What you have to do
Please print, exactly, only the lines in the entries below from the line that has "Máquina de Costura" through the line that has "100 - MELMOTH". Pictures don't go in.

Extracted information

§ §

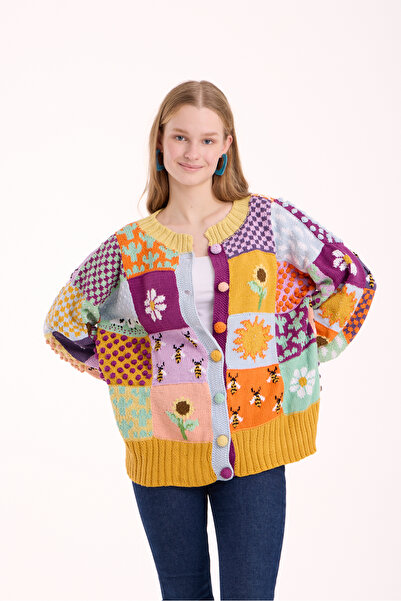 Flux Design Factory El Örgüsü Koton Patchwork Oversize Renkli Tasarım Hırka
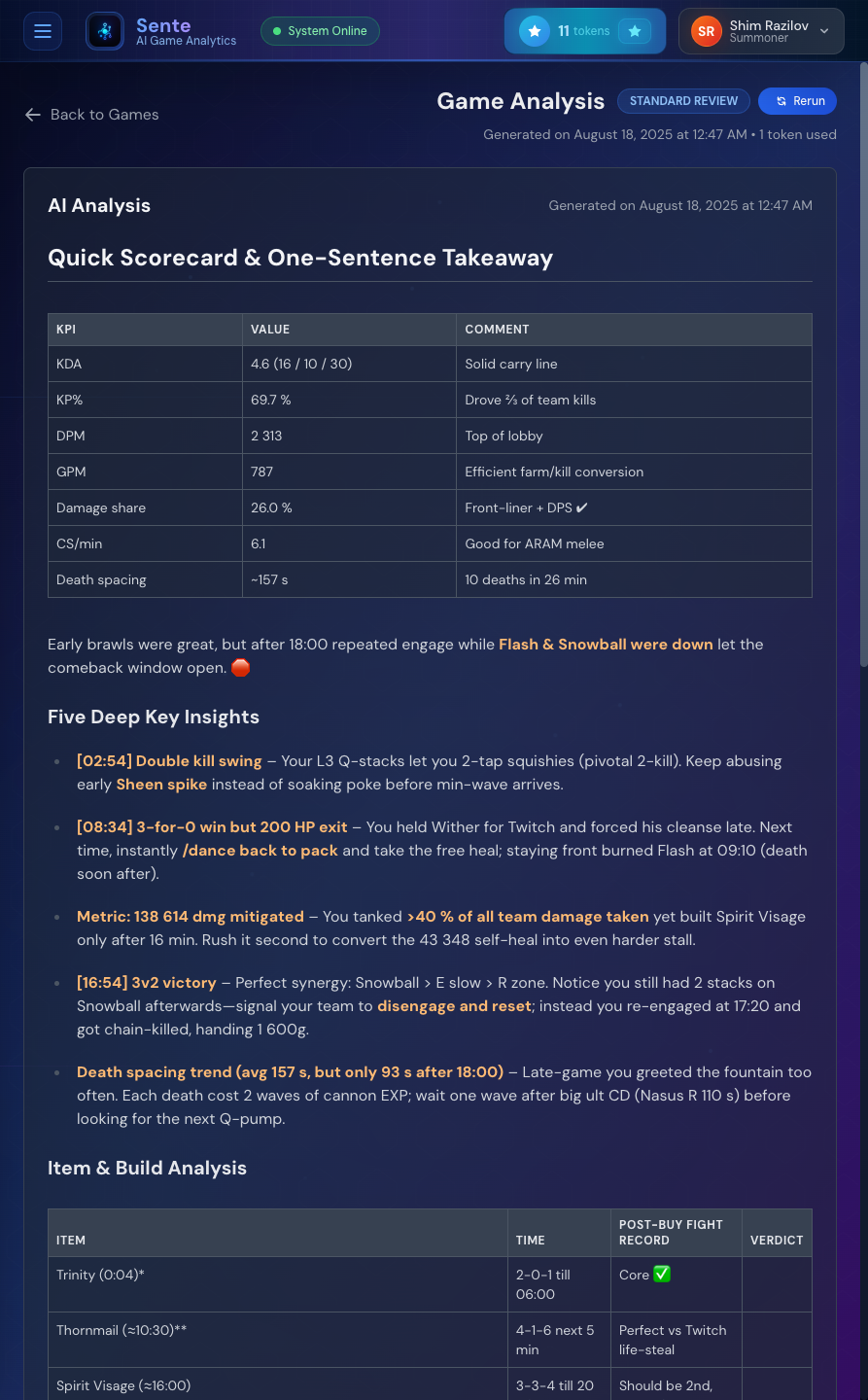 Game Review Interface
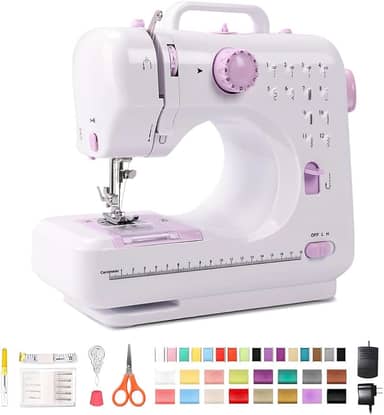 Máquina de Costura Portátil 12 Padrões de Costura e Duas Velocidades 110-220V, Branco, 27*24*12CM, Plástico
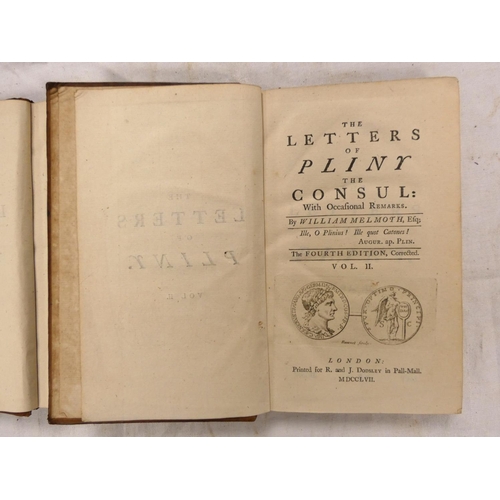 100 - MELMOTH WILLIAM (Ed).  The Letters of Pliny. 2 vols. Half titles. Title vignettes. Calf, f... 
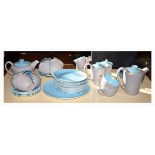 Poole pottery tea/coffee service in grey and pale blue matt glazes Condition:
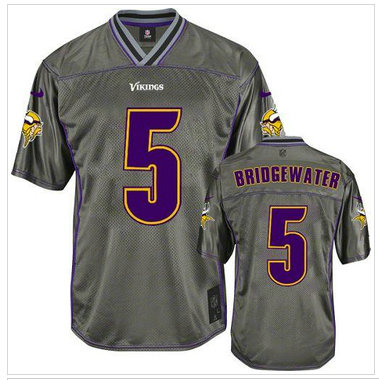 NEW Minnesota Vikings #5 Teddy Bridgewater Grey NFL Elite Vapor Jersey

§ §

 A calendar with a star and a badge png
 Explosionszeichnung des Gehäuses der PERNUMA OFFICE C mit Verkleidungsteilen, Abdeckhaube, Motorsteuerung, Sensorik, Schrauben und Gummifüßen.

§ §

Task result
 Máquina de Costura Portátil 12 Padrões de Costura e Duas Velocidades 110-220V, Branco, 27*24*12CM, Plástico
 100 - MELMOTH WILLIAM (Ed).  The Letters of Pliny. 2 vols. Half titles. Title vignettes. Calf, f... 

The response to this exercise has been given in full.